In her report, Ms Thornhill said that she was an attorney-at-law with a firm of international legal consultants in Barbados. She had previous experience preparing expert reports on local standards in the hotel industry throughout the Caribbean arising out of personal injuries. She referred to the relevant provisions of the Code and stressed that it remained a voluntary document and was not legally binding. The material attached to her report included a note of a conversation with the former head of the Barbados National Standards Institution who said that the Code was published in 1993 and “[people] have been using it since then although it is not the law in [Barbados]. Most standards are voluntary but [people] use them as they represent solutions to their problems”. Ms Thornhill stated that from discussions with local engineers and architects as well as from correspondence it appeared that some parties were aware of the Code and referred to it in practice, some were aware of the Code but not fully aware and/or familiar with its contents, and some were not aware of the existence of the Code at all. She referred to correspondence with the Chief Executive Officer of Oran Ltd, the supplier of the glass used in the balcony doors at the hotel, who informed her that ¼ inch annealed float glass had “often been used in doors & windows” and that “[t]here are no building codes in Barbados that dictate the type of glass to be used in windows & doors and to that extent the annealed float glass has been installed for both commercial and residential purposes for many years”. She had also established that there appeared to be no statutory requirements for hotels to be refurbished, so that “Crystal Cove Hotel is not legally bound to retrofit their glass patio doors since reported installation in 1994”. Her closing summary included the following:
“At the time of the accident there were no compulsory standards for glass patio doors and the use of ¼ inch thick annealed float glass does not constitute a breach of any local law or standard. Indeed it should be noted that products from Oran Ltd are widely used in Barbados, to the extent where it is likely that their products, including glass patio doors, effectively constitute the standard local products. The Building Code, which sets out voluntary local standards, was in existence but not legally binding and therefore Crystal Cove Hotel was free to install whatever glass patio doors they wished. There are also no laws in Barbados obliging the hotel to upgrade their glass patio doors to safety glass, even if they had knowledge of the Building Code and/or following the Claimant’s accident.”

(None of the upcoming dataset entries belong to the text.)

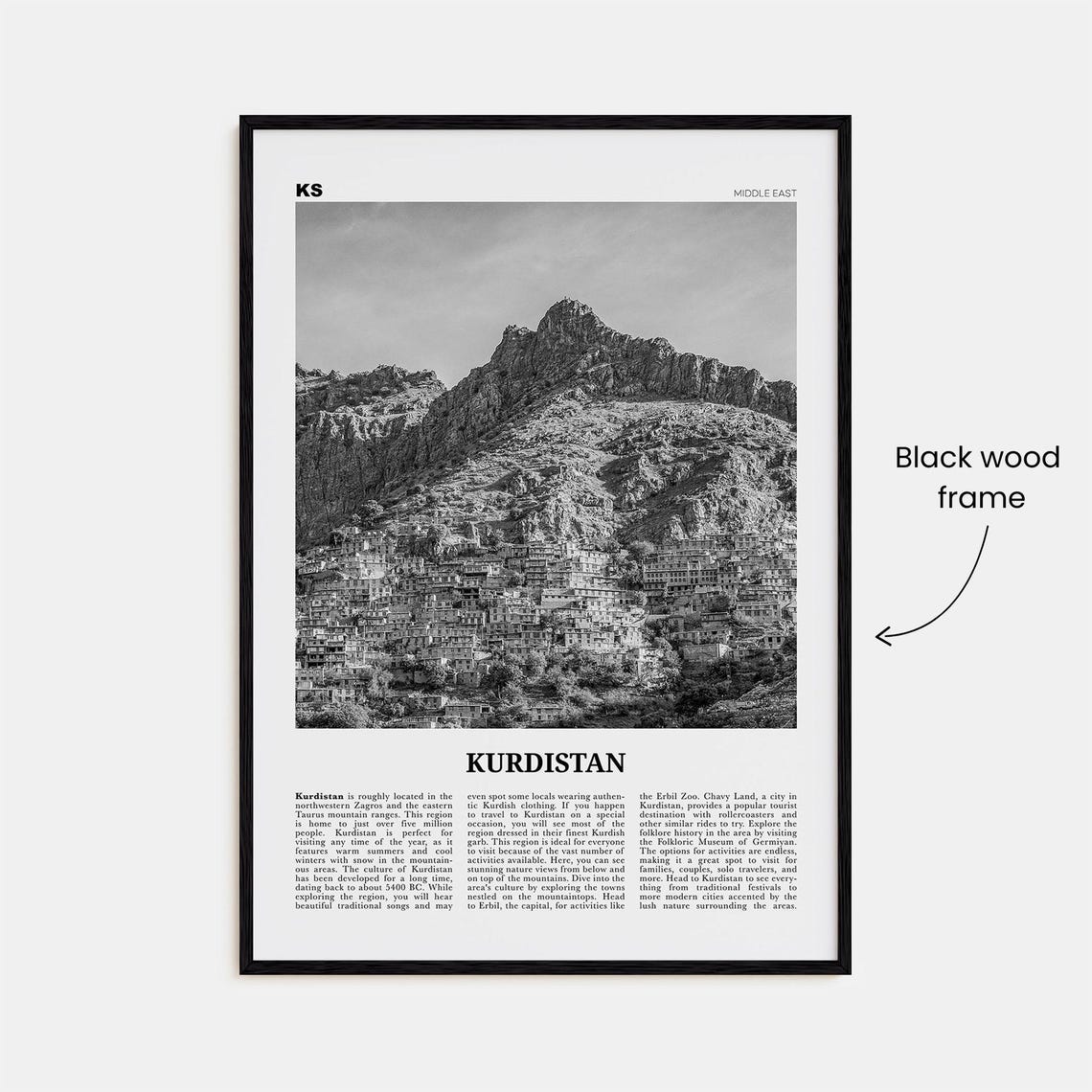Kurdistan Black and White Map Travel Poster - Image 3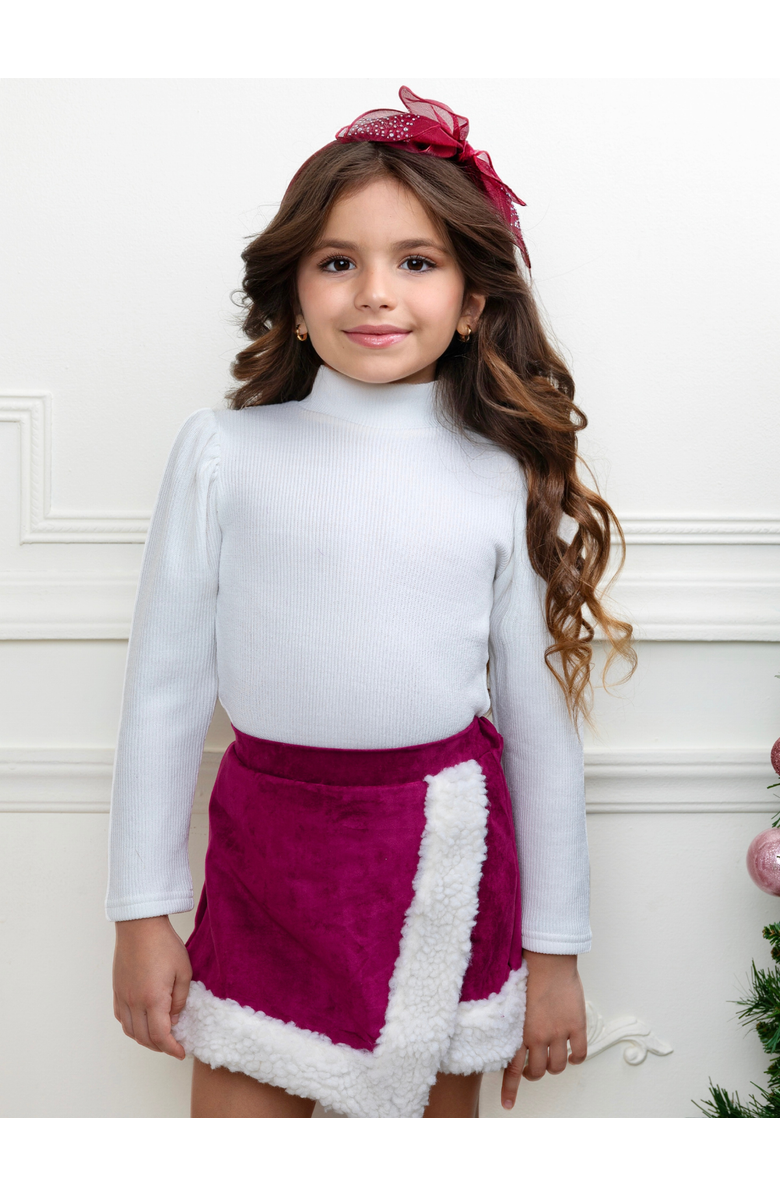 Mia Belle Girls Cozy Long Sleeve Top and  Skort Set, Alternate, color, White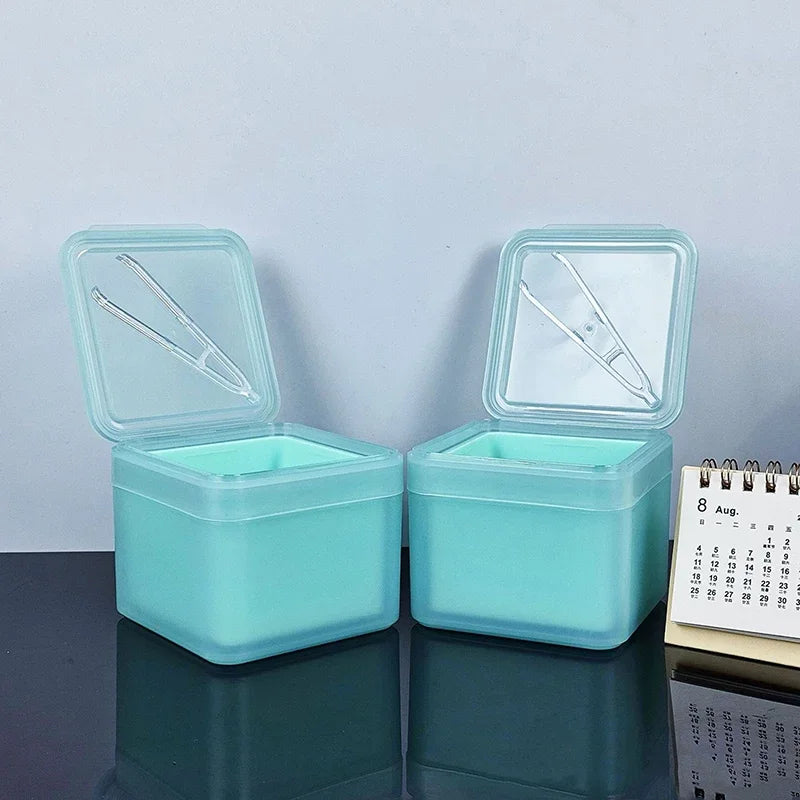 Double Layer Cotton Pad Dispenser Box with Tweezers | Organizer Cotton Pad Organizer QXL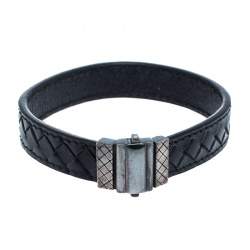 Bottega Veneta Black Intrecciato Woven Leather Sterling Silver Bracelet S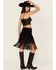 Image #3 - Rock & Roll Denim Women's Fringe Buckle Skirt, Black, hi-res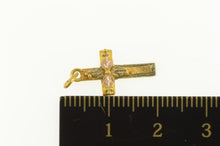 Load image into Gallery viewer, 10K Black Hills Leaf Cross Christian Symbol Charm/Pendant Yellow Gold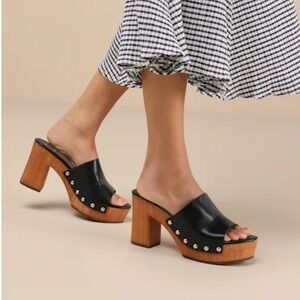 New Lulus Womens Boho Jaylani Clog Sandals Studded Platform Sz 9 Black Wood Heel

The experts’ joint report contained little by way of agreement between them, beyond a statement of the bare facts relating to the balcony doors in question and their non-compliance with the Code. It is not necessary for me to recite the lengthy passages recording the extent of disagreement between the experts.
The judgment below
The judge’s conclusions on the issue of liability are at paras 30-34 of his judgment:
“30. … The authorities I have been referred to establish that the duty of care owed by the hotel, and therefore by the Defendant company because of the 1992 Regulations, falls to be considered by reference to the custom and standard prevailing in Barbados at the date of the accident. The Barbados Building Code is a very important factor in this case. Although it is not mandatory, it has been in existence since, in one form or another, 1985, amended from time to time. The provisions relating to glass have existed since 1992, before this hotel was built. The Code is expressed to be essential minimum provisions in the public interest. The dangers created by plate glass doors have been known for many, many years. I am satisfied that the hotel knew or should have known of these dangers and the existence of the Code.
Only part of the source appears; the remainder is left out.